Listing samples which are not matched by any tags?

Wed Sep 3 21:32:09 CEST 2014

On Sat, Jul 5, 2014 at 12:44 PM, Joachim Breitner
<mail at joachim-breitner.de> wrote:
> No, but the manual is quite short on “how do I do X”. Would you be
> interesting in contributing here? I think that _not_ being a developer
> is an advantage when writing good documentation.

Maybe. I may not be an arbtt developer, but I'm still not a regular
user. Regardless, I think some of the tricks and observations I made
while working with arbtt are worth including in the manual; the manual
currently gives one little idea how one would actually go about
effectively using arbtt.
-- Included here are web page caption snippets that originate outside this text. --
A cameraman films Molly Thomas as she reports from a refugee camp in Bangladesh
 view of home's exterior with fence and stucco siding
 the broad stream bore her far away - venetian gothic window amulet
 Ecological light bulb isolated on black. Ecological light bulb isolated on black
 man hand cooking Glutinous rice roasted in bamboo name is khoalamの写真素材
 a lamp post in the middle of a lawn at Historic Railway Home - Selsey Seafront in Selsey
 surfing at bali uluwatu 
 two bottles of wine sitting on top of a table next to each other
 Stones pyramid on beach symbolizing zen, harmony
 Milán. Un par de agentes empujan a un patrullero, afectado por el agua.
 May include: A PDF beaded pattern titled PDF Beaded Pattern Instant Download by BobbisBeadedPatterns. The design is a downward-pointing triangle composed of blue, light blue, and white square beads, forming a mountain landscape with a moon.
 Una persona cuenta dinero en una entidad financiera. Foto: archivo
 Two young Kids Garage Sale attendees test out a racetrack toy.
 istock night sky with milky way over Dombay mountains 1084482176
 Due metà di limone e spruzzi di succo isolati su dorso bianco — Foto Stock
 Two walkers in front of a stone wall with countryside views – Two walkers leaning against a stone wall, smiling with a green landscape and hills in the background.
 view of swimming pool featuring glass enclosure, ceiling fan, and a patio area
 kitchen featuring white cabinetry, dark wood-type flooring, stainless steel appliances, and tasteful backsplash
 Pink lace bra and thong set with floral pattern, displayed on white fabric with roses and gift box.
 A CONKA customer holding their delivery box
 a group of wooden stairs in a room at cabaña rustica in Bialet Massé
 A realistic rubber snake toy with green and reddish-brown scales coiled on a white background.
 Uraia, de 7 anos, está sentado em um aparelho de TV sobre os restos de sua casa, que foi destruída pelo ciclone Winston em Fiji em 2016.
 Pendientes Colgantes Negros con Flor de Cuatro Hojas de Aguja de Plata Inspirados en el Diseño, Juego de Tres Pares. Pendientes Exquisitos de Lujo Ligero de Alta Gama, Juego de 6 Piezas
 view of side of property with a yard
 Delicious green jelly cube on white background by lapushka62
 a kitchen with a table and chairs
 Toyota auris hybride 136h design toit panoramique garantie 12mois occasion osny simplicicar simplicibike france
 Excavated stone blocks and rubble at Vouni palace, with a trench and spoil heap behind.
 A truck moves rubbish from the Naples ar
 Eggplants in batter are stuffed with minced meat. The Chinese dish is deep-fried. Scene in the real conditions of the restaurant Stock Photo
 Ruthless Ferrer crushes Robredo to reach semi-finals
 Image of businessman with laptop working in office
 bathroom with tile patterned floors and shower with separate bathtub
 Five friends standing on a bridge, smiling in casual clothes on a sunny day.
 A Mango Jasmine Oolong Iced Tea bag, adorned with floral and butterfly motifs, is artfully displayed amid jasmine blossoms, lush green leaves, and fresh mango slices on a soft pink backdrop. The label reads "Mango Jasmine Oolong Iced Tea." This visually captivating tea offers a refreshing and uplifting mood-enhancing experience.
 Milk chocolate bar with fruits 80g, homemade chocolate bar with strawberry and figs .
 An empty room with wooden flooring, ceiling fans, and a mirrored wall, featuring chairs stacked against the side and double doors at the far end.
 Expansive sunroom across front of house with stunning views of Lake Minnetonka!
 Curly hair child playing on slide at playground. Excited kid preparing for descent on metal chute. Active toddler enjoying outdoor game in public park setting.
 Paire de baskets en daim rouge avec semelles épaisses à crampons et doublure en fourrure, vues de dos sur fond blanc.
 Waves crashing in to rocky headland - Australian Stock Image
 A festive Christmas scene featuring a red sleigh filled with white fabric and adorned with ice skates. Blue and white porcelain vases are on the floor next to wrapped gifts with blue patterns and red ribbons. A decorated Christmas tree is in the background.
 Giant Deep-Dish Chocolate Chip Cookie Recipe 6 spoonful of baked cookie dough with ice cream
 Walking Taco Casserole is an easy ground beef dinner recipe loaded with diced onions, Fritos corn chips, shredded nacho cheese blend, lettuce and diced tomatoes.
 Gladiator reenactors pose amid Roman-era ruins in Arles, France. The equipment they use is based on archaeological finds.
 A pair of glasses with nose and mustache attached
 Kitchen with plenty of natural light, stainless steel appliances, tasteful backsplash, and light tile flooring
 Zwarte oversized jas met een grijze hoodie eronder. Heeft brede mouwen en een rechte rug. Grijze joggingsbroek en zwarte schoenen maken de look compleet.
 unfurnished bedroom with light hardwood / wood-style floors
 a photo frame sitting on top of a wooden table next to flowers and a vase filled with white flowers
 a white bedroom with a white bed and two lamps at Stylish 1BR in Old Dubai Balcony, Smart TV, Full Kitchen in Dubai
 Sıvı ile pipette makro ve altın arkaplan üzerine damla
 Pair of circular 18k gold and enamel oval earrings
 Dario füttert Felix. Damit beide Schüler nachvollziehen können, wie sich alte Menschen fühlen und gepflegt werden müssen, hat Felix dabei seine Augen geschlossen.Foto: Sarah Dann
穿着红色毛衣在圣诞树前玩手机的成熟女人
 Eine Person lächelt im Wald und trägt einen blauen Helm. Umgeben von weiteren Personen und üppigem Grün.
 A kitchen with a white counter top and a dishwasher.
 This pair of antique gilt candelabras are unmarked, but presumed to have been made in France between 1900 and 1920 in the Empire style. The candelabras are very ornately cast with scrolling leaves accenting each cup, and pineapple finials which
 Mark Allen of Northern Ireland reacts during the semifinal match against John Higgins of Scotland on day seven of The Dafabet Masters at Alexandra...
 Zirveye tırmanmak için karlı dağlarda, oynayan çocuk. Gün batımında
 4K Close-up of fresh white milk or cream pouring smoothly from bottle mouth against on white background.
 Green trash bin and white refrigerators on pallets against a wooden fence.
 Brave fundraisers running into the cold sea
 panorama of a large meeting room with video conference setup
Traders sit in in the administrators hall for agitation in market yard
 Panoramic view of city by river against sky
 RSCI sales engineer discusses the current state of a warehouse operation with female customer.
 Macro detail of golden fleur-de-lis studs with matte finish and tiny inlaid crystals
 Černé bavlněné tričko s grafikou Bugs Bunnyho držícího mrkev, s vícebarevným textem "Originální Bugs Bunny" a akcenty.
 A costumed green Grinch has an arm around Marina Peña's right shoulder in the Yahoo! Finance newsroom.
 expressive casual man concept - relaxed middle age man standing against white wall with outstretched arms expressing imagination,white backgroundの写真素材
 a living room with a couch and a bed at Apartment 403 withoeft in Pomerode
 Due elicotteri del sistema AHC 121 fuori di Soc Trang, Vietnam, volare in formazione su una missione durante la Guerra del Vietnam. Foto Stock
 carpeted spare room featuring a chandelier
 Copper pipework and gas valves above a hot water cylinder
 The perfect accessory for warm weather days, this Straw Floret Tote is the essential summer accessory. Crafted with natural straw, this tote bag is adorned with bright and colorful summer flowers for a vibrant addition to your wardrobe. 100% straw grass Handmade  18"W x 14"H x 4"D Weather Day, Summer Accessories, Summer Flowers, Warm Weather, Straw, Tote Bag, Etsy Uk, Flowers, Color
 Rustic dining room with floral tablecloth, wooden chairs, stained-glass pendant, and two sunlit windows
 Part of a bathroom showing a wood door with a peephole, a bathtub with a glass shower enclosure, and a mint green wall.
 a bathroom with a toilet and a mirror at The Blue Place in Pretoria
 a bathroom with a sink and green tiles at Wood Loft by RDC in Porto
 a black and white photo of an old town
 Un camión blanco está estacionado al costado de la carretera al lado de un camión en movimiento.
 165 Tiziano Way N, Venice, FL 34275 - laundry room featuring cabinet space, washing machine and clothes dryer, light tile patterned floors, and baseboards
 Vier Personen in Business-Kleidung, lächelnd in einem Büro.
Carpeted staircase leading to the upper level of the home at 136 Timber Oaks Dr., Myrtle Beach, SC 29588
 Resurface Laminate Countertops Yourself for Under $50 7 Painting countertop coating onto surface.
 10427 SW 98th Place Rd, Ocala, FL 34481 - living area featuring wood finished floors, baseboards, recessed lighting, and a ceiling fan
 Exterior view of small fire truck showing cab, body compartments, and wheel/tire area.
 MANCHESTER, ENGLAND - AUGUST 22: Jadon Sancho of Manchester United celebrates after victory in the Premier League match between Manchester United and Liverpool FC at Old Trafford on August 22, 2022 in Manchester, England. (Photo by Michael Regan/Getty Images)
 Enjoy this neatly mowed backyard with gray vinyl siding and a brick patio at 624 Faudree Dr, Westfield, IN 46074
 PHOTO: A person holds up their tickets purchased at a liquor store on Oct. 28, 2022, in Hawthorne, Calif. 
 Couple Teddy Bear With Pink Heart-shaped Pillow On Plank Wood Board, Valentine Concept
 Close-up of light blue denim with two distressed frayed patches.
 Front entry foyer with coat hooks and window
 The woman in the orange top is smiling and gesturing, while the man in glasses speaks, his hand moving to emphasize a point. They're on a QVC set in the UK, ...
I wrote up some thoughts in Markdown (below)
- I have never used that XML stuff you are using and would probably
muck it up, so hopefully you can convert the Markdown version to XML.

If other arbtt users could mention various roadblocks and solutions
they came up with, that'd be helpful.

----

The idea is that this would be placed after 'Configuring the arbtt
categorizer (arbtt-stats)'
http://arbtt.nomeata.de/doc/users_guide/configuration.html#idp20408 -

# Effective Use of Arbtt

Now that the syntax has been described & the toolbox laid out, how
does one practically go about using and configuring arbtt?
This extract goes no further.